L’attenzione ai fattori ESG è cresciuta rapidamente anche nei mercati privati, che comprendono private equity, venture capital, debito privato, real estate e infrastrutture. Se in passato l’ESG era considerato soprattutto uno strumento di mitigazione del rischio, oggi è percepito come un vero motore di creazione di valore. Le evidenze lo confermano: oltre l’80% dei manager di private equity afferma che l’ESG ha contribuito direttamente alla creazione di valore almeno in alcune operazioni, mentre gli asset sostenibili a livello globale hanno superato i 30.000 miliardi di dollari. Questa evoluzione è sostenuta sia dalla pressione normativa – come SFDR e Tassonomia UE, insieme alle nuove regole in elaborazione in UK – sia dalla domanda degli investitori istituzionali, consapevoli che i fattori ESG influenzano in modo significativo il profilo di rischio e le performance delle aziende. Nonostante le difficoltà iniziali, dovute soprattutto alla minore trasparenza tipica delle società non quotate, oggi quasi tutti i gestori alternativi hanno adottato una policy ESG strutturata e l’85% integra già la sostenibilità in tutte le fasi del processo di investimento.

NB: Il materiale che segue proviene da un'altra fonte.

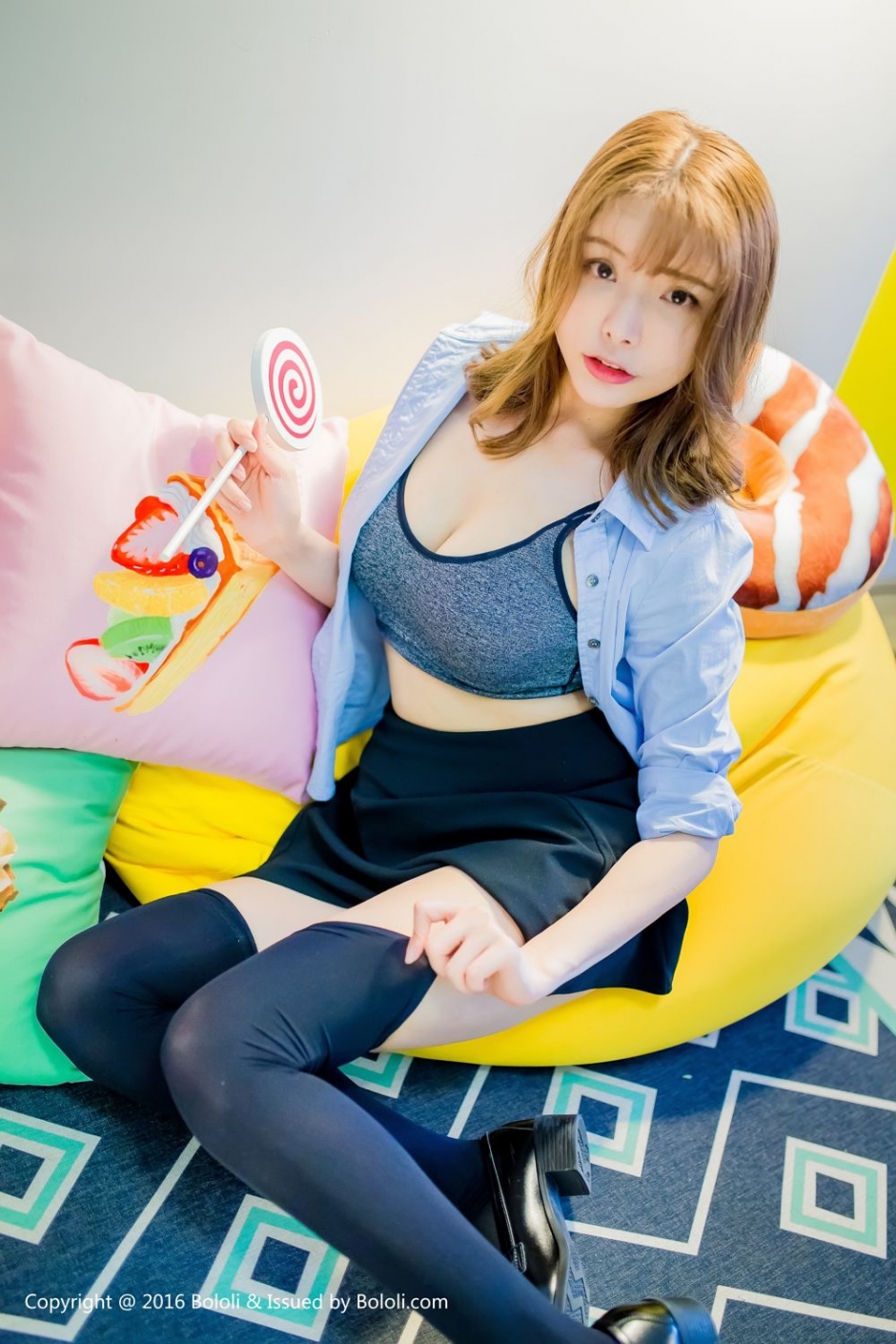 波萝社童颜巨乳少女夏小秋诱惑私房照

L’implementazione dell’ESG assume caratteristiche diverse a seconda delle asset class. Nel private equity la sostenibilità entra nel processo decisionale sin dalla selezione delle aziende target, attraverso checklist e metriche specifiche che valutano impatto ambientale, pratiche lavorative e qualità della governance. Grazie al controllo diretto sulle società partecipate, i fondi possono guidare l’adozione di strategie aziendali più sostenibili, introducendo piani di efficienza energetica, misure di diversità nel management e sistemi di governance più rigorosi. Nel venture capital l’ESG presenta sfide ulteriori: le startup spesso non dispongono ancora di strutture, risorse o politiche ESG mature e, avendo i fondi partecipazioni minoritarie, la capacità di incidere direttamente è più limitata. Per questo l’approccio del VC è più orientato al supporto e all’educazione delle giovani imprese, con strumenti, linee guida e iniziative collettive come VentureESG ed ESG_VC che aiutano a costruire pratiche sostenibili fin dalle prime fasi di crescita.

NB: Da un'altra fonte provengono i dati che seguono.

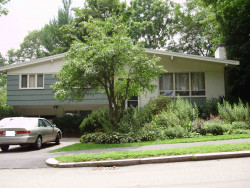 111 Dedham St, Newton, MA 02461-2135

Nel debito privato l’ESG è sempre più parte integrante dell’analisi del merito creditizio. I gestori valutano i rischi ambientali, sociali e di governance dei potenziali prenditori perché questi fattori influenzano direttamente la loro solvibilità futura. La due diligence ESG è spesso molto approfondita e adattata alla specificità delle PMI finanziate, includendo verifica di passività ambientali, governance interna, tutela dei diritti umani e resilienza della supply chain. Sulla base di questa analisi vengono personalizzate le condizioni dei prestiti, ad esempio introducendo covenant ESG o strutturando finanziamenti sustainability-linked, nei quali il costo del debito diminuisce se l’azienda raggiunge obiettivi di sostenibilità. L’ESG diventa così un elemento essenziale sia per proteggere il rendimento aggiustato per il rischio sia per stimolare miglioramenti concreti nelle aziende finanziate.

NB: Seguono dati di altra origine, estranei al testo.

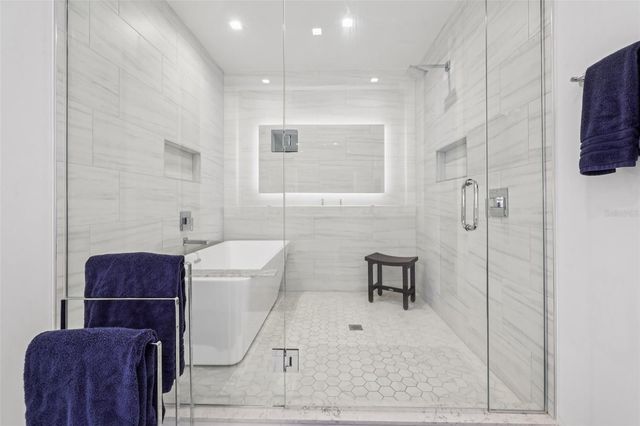 5120 MARINA WAY 14002, Tampa, FL 33611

Nel real estate e nelle infrastrutture l’integrazione ESG è particolarmente tangibile perché riguarda asset fisici con impatti ambientali e sociali diretti. Nel settore immobiliare l’attenzione è rivolta all’efficienza energetica e alla riduzione delle emissioni, considerando che gli edifici sono responsabili di una quota significativa del consumo globale di energia e di CO₂. Le strategie includono l’adozione di energie rinnovabili, l’ottimizzazione dei consumi e la modernizzazione degli impianti. Gli investimenti infrastrutturali, allo stesso modo, incorporano criteri ESG valutando l’impatto ambientale, la resilienza climatica e l’effetto sulle comunità locali. La crescente domanda di spazi e progetti sostenibili ha portato all’emergere di un vero e proprio “green premium”: gli edifici certificati green registrano canoni di locazione più elevati e maggiore attrattività, mentre i progetti infrastrutturali ad alto contenuto ESG ottengono spesso finanziamenti a condizioni più vantaggiose. Anche in questi settori, la normativa – come le classificazioni SFDR – sta spingendo un numero crescente di fondi verso strategie formalmente allineate ai criteri di sostenibilità.